Bild: Denkmal für die erste homosexuelle Emanzipationsbewegung am Magnus-Hirsc…
Berlin taz | Erschütternd, alarmierend, eine deutliche Warnung: Das sind
die Worte, die Politiker*innen für die Ergebnisse des Berliner
Registers finden. Denn die Zahlen rassistischer, antisemitischer und
queerfeindlicher Angriffe haben einen neuen Höchststand erreicht. Sie
stiegen von 4.156 im Jahr 2022 auf 5.286 im Jahr 2023 an. Das geht aus dem
Bericht hervor, den die Projektkoordinatorin der Sammelstelle für
gewalttätige Vorfälle, Kati Becker, am Donnerstag vorstellte.

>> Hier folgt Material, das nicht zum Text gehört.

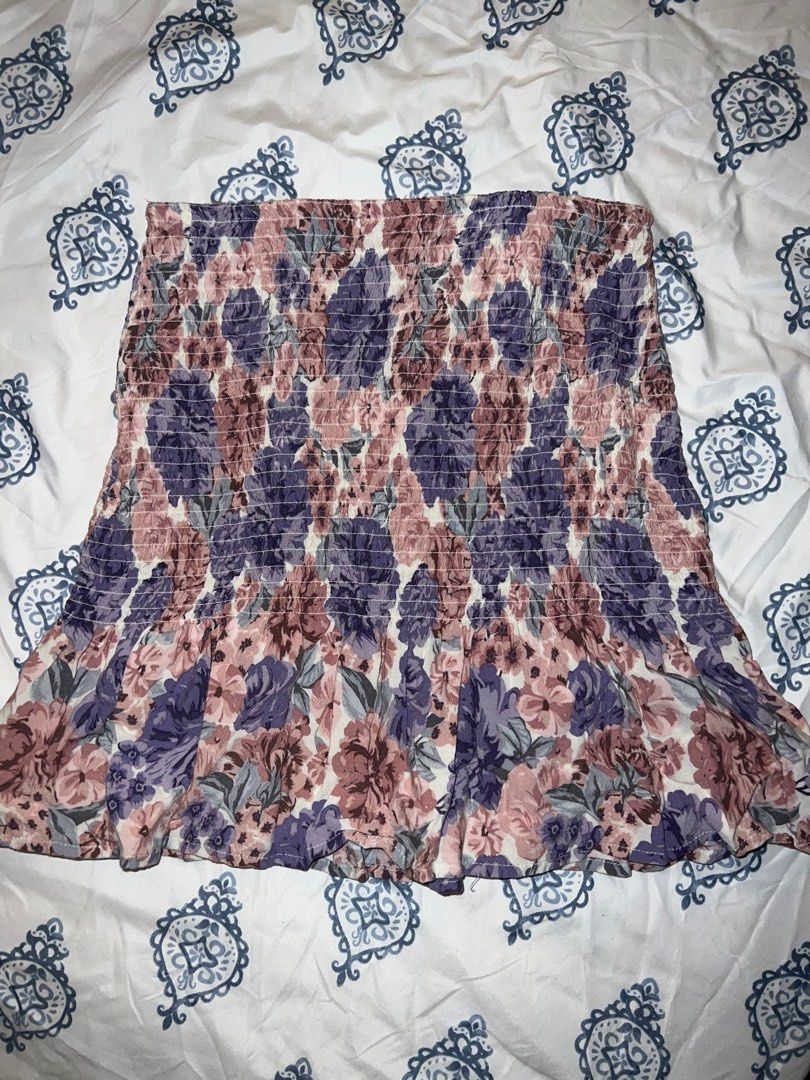 H&M tube top (floral) (Category: Others Tops) located in Quezon City. Submitted by mamiimau (Listing ID 1231036806, Image 1). Description: Pink floral tube top. Very stretchable. Can fit small to medium. NO RETURN, NO EXCHANGE. NO REFUND. NO COD NO SHOPEE CHECKOUT .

Die Zahlen zeigten einen deutlichen Zusammenhang von Hass im digitalen und
Vorfällen im öffentlichen Raum, sagt Becker. „Dynamiken im Internet, wie
Desinformation, Hetze und Propaganda beeinflussen immer mehr das Geschehen
auf der Straße“, sagt sie. Das zeige sich etwa bei den – insgesamt 778 –
rassistischen Vorfällen: „Im Jahresverlauf sehen wir Ausschläge in Monaten,
in denen online rassistische Debatten geführt wurden“, sagt Becker. Die
Reduzierung komplexer Probleme auf rassistische Erklärungsmuster, wie bei
der Silvester-, der Freibad- oder der Asylrechtdebatte erhöhten die
gewalttätigen Vorfälle.
[1][Bei LGBTIQ-feindlichen Vorfällen hat es eine Verdopplung von 239 auf
464 gegeben]. Die gemeldeten Fälle seien jedoch „nur die Spitze des
Eisbergs“, sagt Anne Schaar, vom Anti-LGBTIQ-Gewaltprojekt L-Support.

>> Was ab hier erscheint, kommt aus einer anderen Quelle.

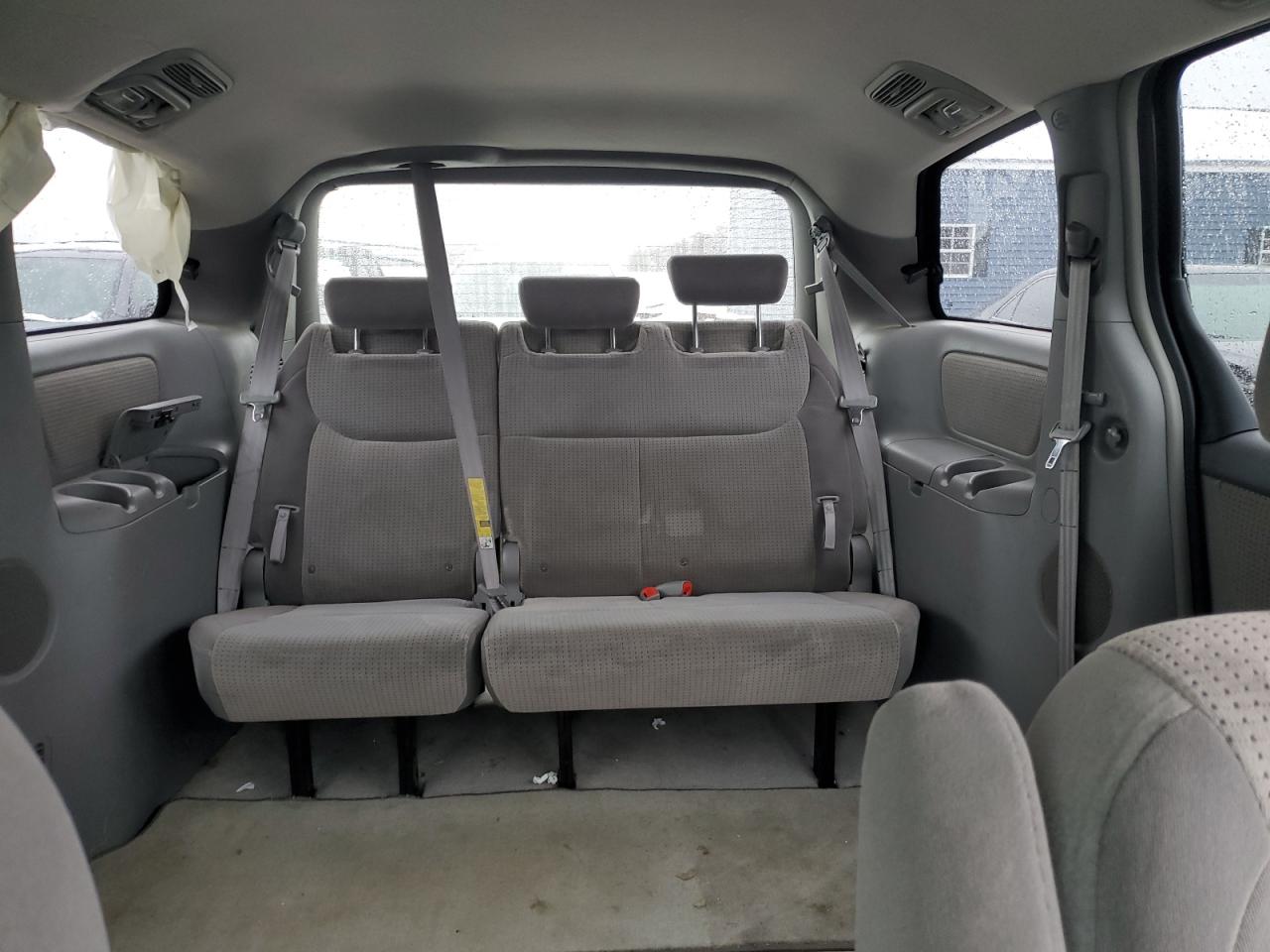 2007 Toyota Sienna - Image 10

Ursachen für die Zunahme an Angriffen und Propaganda gegen queere Menschen
sieht Becker unter anderem in Online-Kampagnen, wie dem „Stolzmonat“, einer
Gegenkampagne zum Pride Month.
## Anstieg antisemitischer Taten
Schließlich ist auch die Anzahl antisemitischer Vorfälle „sprunghaft
angestiegen“: von 810 auf 1.113. „[2][Antisemitismus ist im Berliner
Stadtbild deutlich sichtbarer geworden]“, sagt Ruth Hatlapa von der
Recherche und Informationsstelle Antisemitismus. Besonders präsent seien
antiisraelische Schmierereien, Plakate und Aufkleber. Auch hier sei ein
„starker Einfluss“ von Online-Dynamiken zu dem Geschehen auf der Straße zu
erkennen: „Nur wenige Stunden nachdem Videos des Angriffs der Hamas am 7.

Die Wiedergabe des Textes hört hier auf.